Paige stood up and stretched, and said without looking at him, “I visited there once. My father was a wine aficionado. We toured a number of wineries when I was fifteen. The Santa Ynez Valley is one of the best wine making areas in the world."
"That's a lot of information from a woman who professes an aversion to learning."
"Some things warrant learning, don't you agree?” She picked up a flat stone from between Burt's Floorsheims and walked to the lakeshore. The wind stirred tiny silver swells that glittered in the light from the pole nearby. Paige cast the stone sideways the way she and her brother did at the family's twelve-room cottage on Lake Powell in Utah. The rock skipped twice and sunk out of sight.
She turned. “Did you visit Santa Barbara to research the winery?"

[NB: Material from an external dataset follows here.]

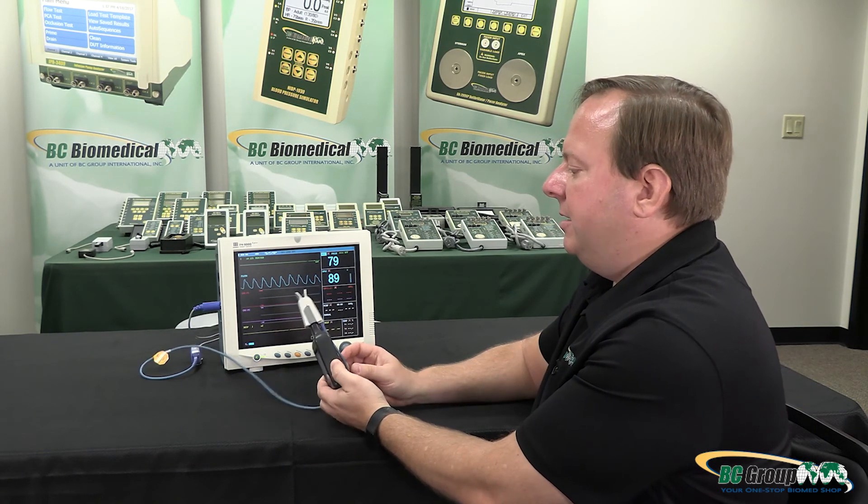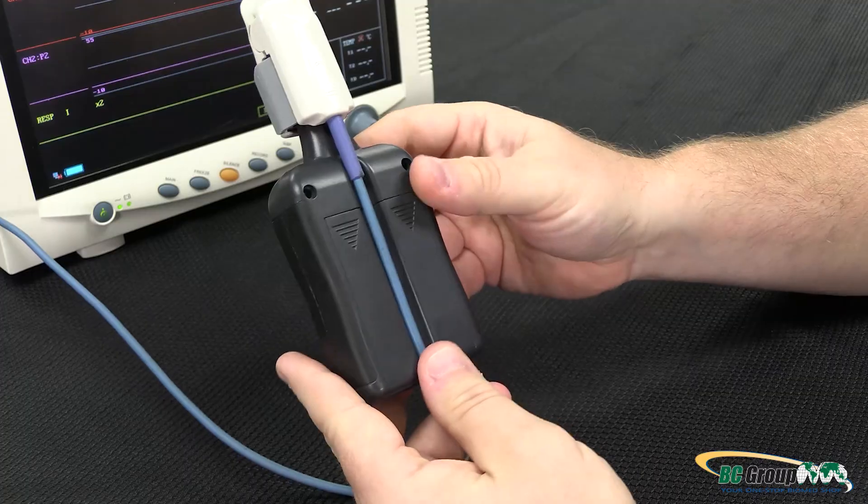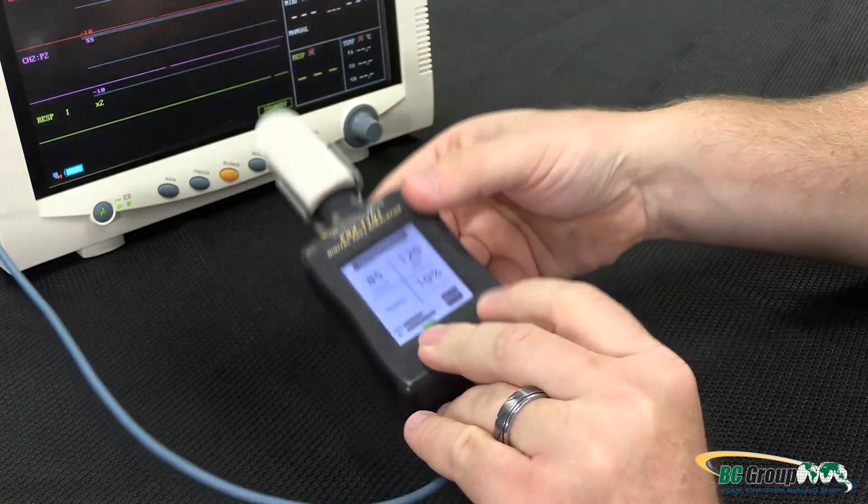Those are the main features of the FSX 1101. We do have a cord guide in the back to hold the cord so we can lay this flat and it will sit flat on the table. That concludes all of the basic features and functions of the FSX 1101 SpO2 simulator. For other training videos or more information about BC Group products, please visit us on the web at bcgroupstore.com.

He leaned forward placing both hands flat on the bench beside him. “As a matter of fact I did, about two months ago."
He came to stand beside her on the shore, but she moved away as though she was headed back to the bench. “The other day you mentioned early retirement. Do you have plans for after that?"
He followed her, using a gentle touch on her elbow to guide her toward the car. “A few. I've vacillated so many times that I keep delaying the actual date. I want to have something lined up. I don't want to sit on my duff waiting for something to fall into my lap. I want to travel, but don't think I'd be able to enjoy it by myself. I want to keep writing. I want to—"
"What do you want to write?"
"I have some ideas for a novel, but right now don't want to stay put to work on it. I thought I might do some travel writing or maybe get a position as a writer with a wine magazine, get paid to travel the wine regions of the world.” He stopped and turned her by the shoulders until they were face to face. “If I had someone to travel with..."
"Me? You barely know me. Why, we haven't even..."
"Don't remind me,” he lamented. “But, I happen to think you're worth waiting for. Would you? Go with me, I mean."
Tell him, she ordered herself.
"I know, I know,” he continued. “Ernie Yates, the lady who never does anything on the spur of the moment."
Tell him now.
"That's what I like about you."
"Is that all?"
Burt put his arm through hers and they ambled along the path toward his car.
Paige shut her apartment door and leaned back against it listening to Burt's retreating footsteps on the stairs. What was wrong with her? Why couldn't she tell him she couldn't see him any more? For some reason, the words would not leave her mouth. Could it be because every time she looked at him Chris’ face appeared? Each time she opened her mouth, Chris's lips smiled, Chris’ mustache twitched, Chris’ arms wrapped around her. Was a phantom Chris better than no Chris at all?